More information on each scenario can be found in the appendix to this document.
You have been given the choice of any one of the above scenarios as your project. Your task is to produce a model that possesses predictive capacity with regards to the response variable within the dataset. Where possible, you will also provide insight into the feature importance with regards to the predictive capacity of your model.
All three datasets have been cleaned and are ready for use, however you may still wish to conduct some data preparation and/or transformation so that the data is in an appropriate condition and format for the analysis methods that you wish to use. You may choose to use any methods you wish to tackle the chosen problem; however, you must justify the use of your approach.
The key components of this task that you must complete are:
• Explore the data so that you understand the structure, characteristics and limitations of the dataset.
• Identify the forms of analysis that will be able to produce a successful outcome for the scenario.
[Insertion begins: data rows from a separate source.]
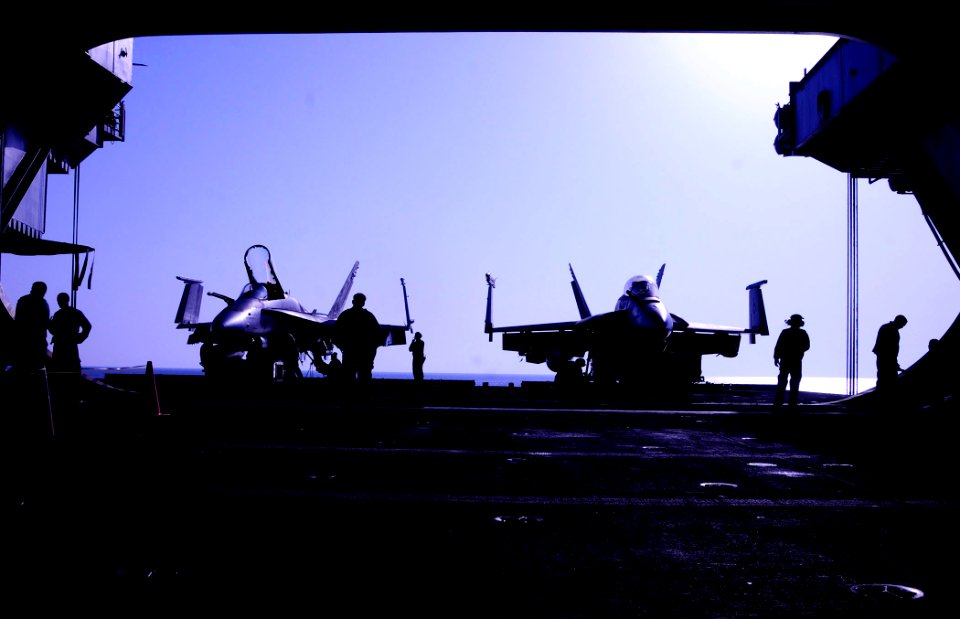 US Navy 081023-N-7918H-017 Two jets are raised up to the flight deck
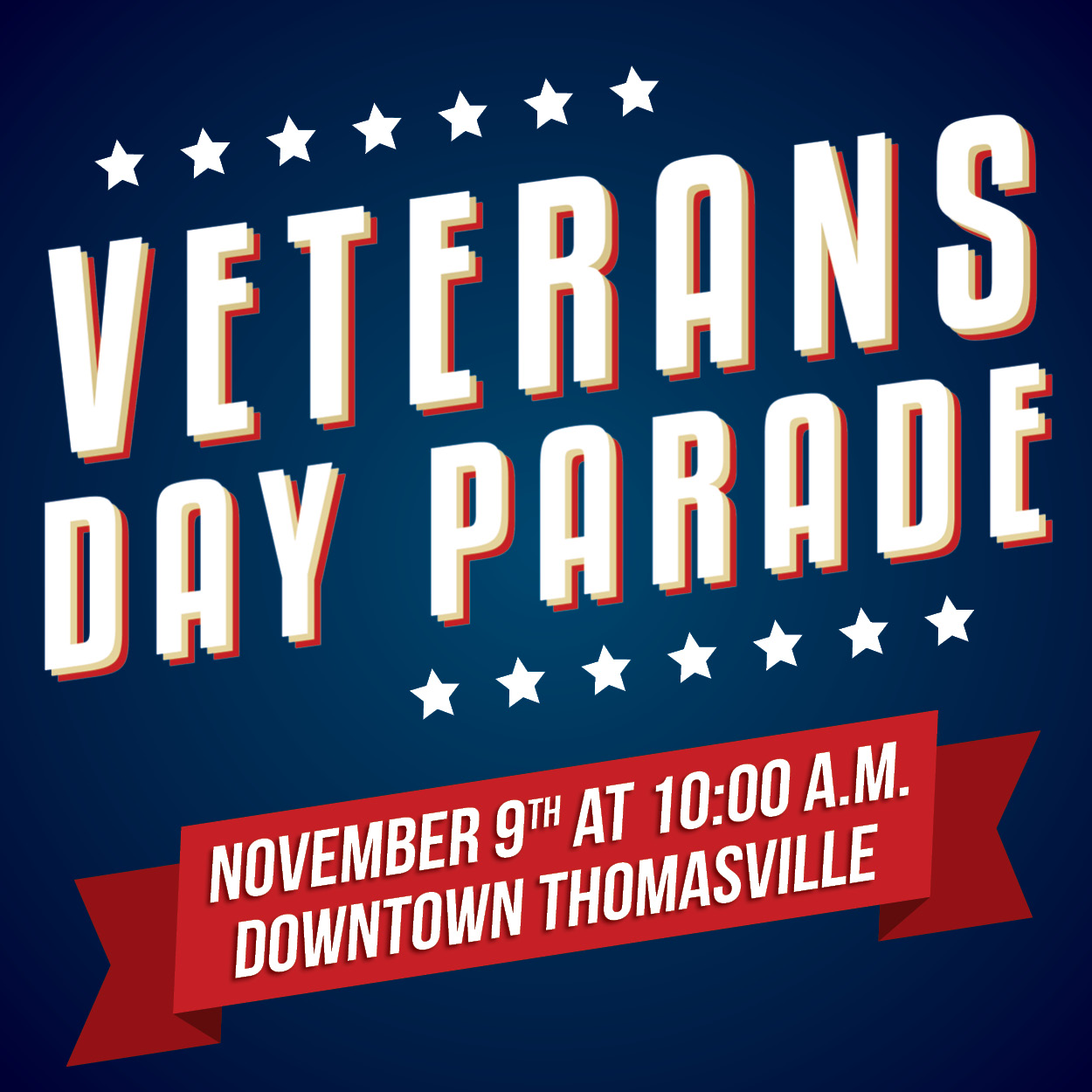 Photo for VETERANS DAY PARADE TO BE HELD ON NOVEMBER 9TH IN DOWNTOWN THOMASVILLE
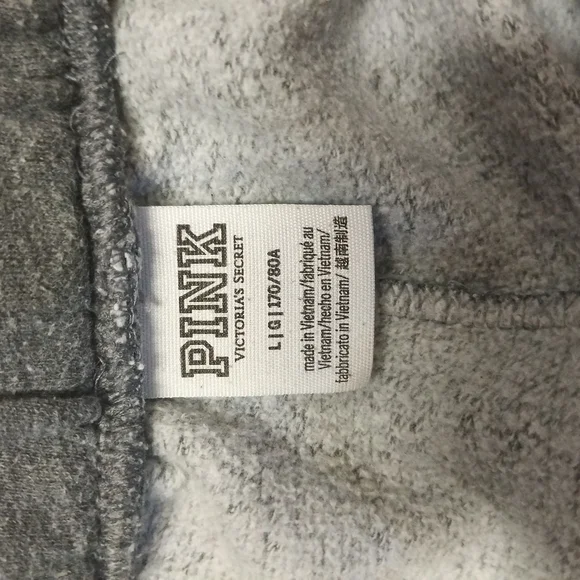 PINK Victoria Secret Gray Pants with Leopard Print SZ LG FITS XL-XXL OVERSIZED - Picture 4 of 4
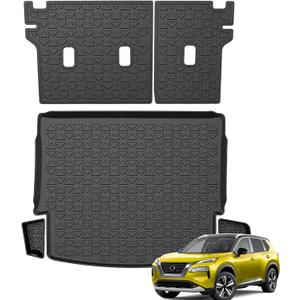 KUST Trunk Cargo Mat for Nissan Rogue 2021-2025 2026, TPE Rubber Cargo Liner with Backrest Mat for Rogue Accessories Rear Trunk Liner High Edge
Ensure that the chosen method(s) are suitable for use on the dataset that you have chosen to use, and justify the use of your chosen approach.
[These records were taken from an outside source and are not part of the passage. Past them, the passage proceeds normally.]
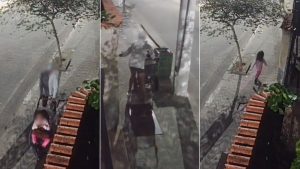 Câmera de monitoramento flagra agressão de mulher contra criança com tapas no rosto em Santos, litoral de SP.
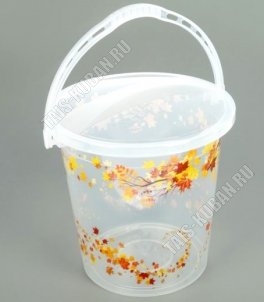 Ведро 14л с крыш.прозрач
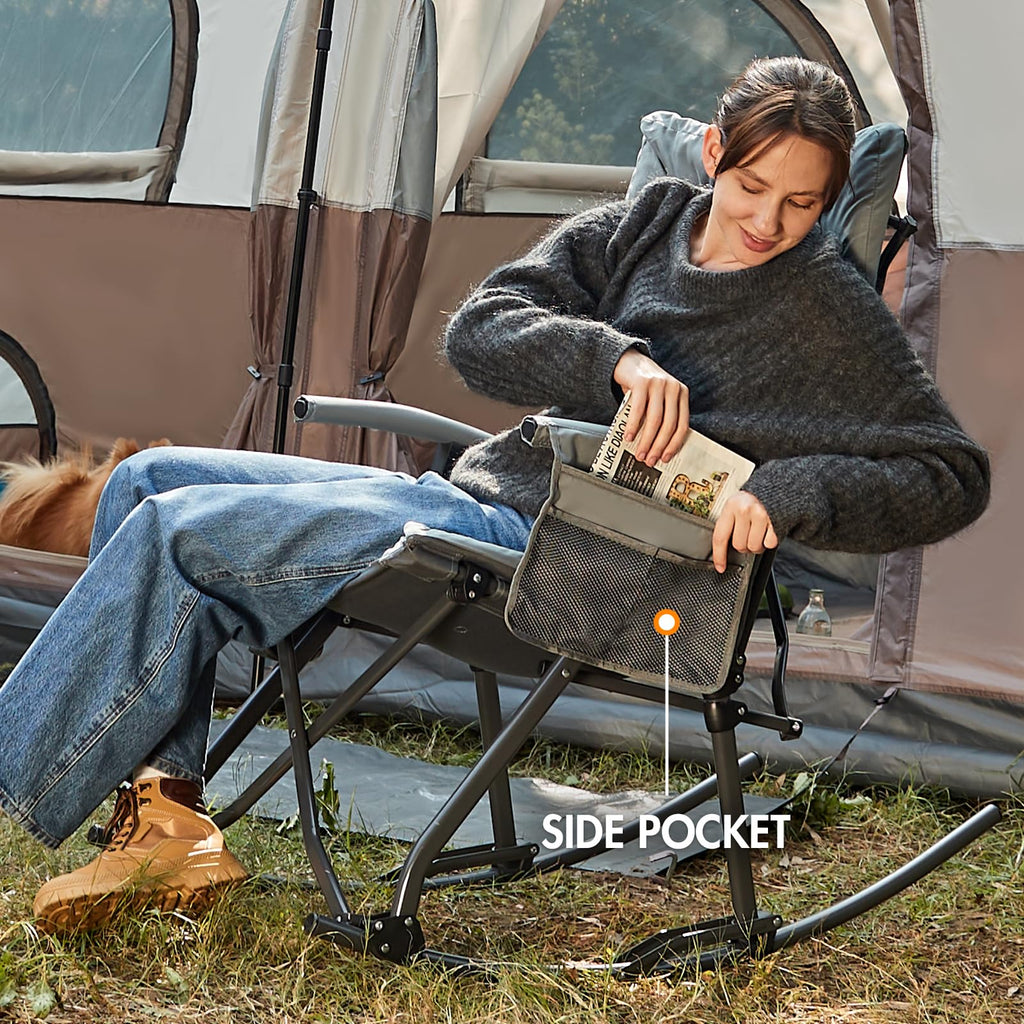 Thick Padded Folding Rocking Camping Chair Outdoor 400 LBS Gray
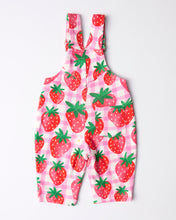 Load image into Gallery viewer, Strawberry Jam Organic Cotton Quilted Fleece Overalls
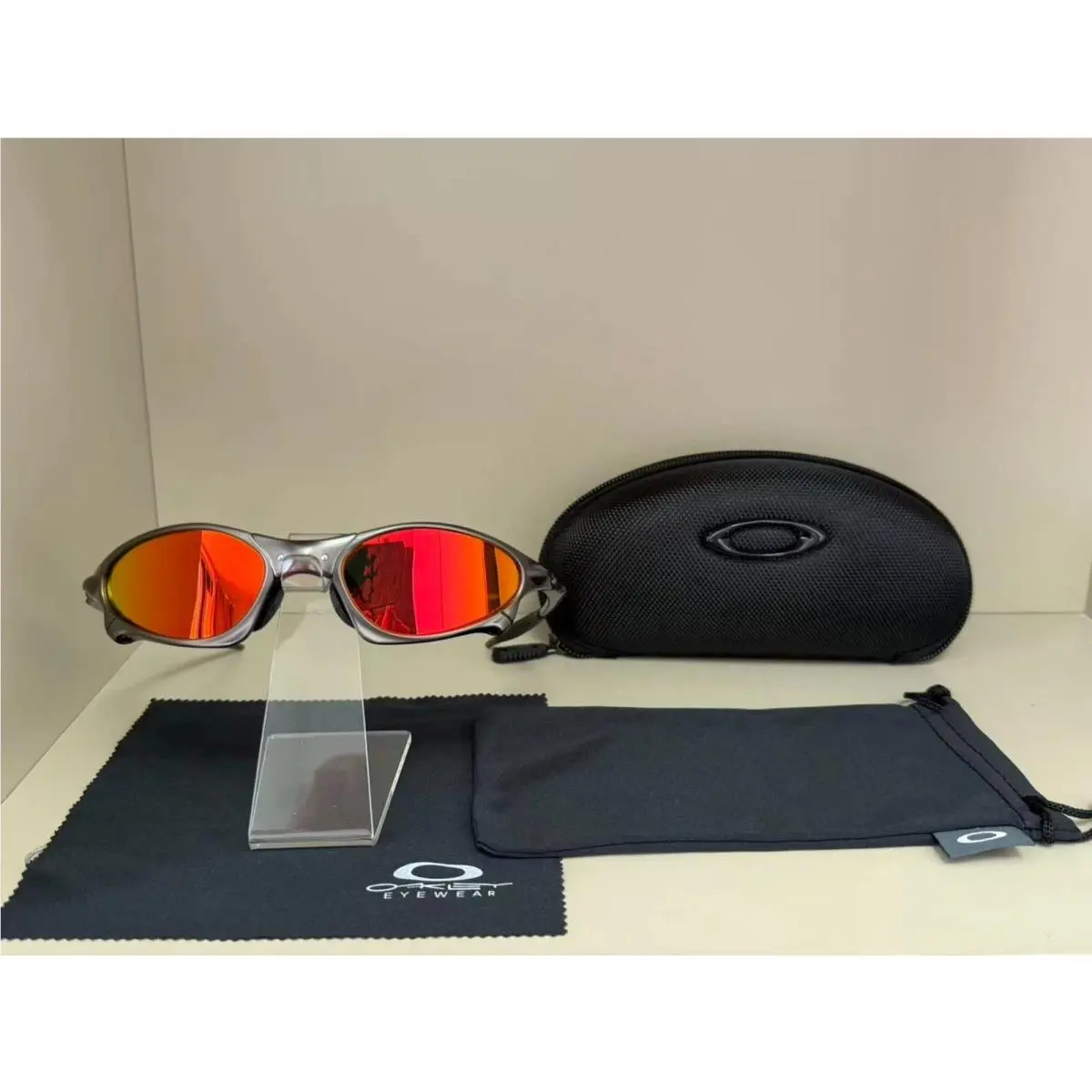 Oakley Penny X-metal Sunglasses Gunmetal Gray Frame/orange Lenses with Extras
• Process the data into a condition suitable for the model building to be performed, including the selection of features to be used within the model.
• Build a model that allows for the response variable in the dataset to be predicted.
• Evaluate the capabilities of the model that has been developed, using at least metrics.
• Present and describe your findings in a manner suitable for the target audience.
• Critically evaluate the process and discuss the outcome of the project.
All of the above stages should be documented within the report, while all of the decisions that have been made throughout the process should be discussed and justified.
Learning Outcome 1: Demonstrate critical understanding of foundations and principles of data science
Learning Outcome 2: Demonstrate deep knowledge of fundamental statistical methods, techniques and applications in data science.
Learning Outcome 3: Critically assess, select, and apply data collection and cleaning, visualization, statistical inference, predictive modelling, and decision making for statistical analysis in the context of applied data analysis problems.
Learning Outcome 4: Critically evaluate the choice of data science techniques and tools for particular scenarios.
Learning Outcome 5: Build a critical awareness of professional, legal, cultural and ethical issues surrounding analysis, exploration, protection and dissemination in the context of your role as a data scientist.
• AO1: Demonstrate a robust theoretical knowledge of data science tools, techniques and approaches required to appropriately select and apply suitable methods to achieve a specific aim
• AO2: Demonstrate an ability to effectively explore a dataset, and process that dataset into a condition fit for a particular use.
• AO3: Demonstrate technical proficiency in the application of data science methods, tools, and techniques, including the practical appraisal of their success through appropriate means
• AO4: Communication of findings in an effective manner, using language, figures and visualizations appropriate for the intended audience
• AO5: Evaluate the success of the project through critical reflection, drawing particular emphasis to lessons learned and reasons behind the success - or otherwise - of the project.
• AO6: Achieve a high standard of presentation, including the structure and format of the report, the standard of spelling and grammar within, and the correct use of referencing throughout.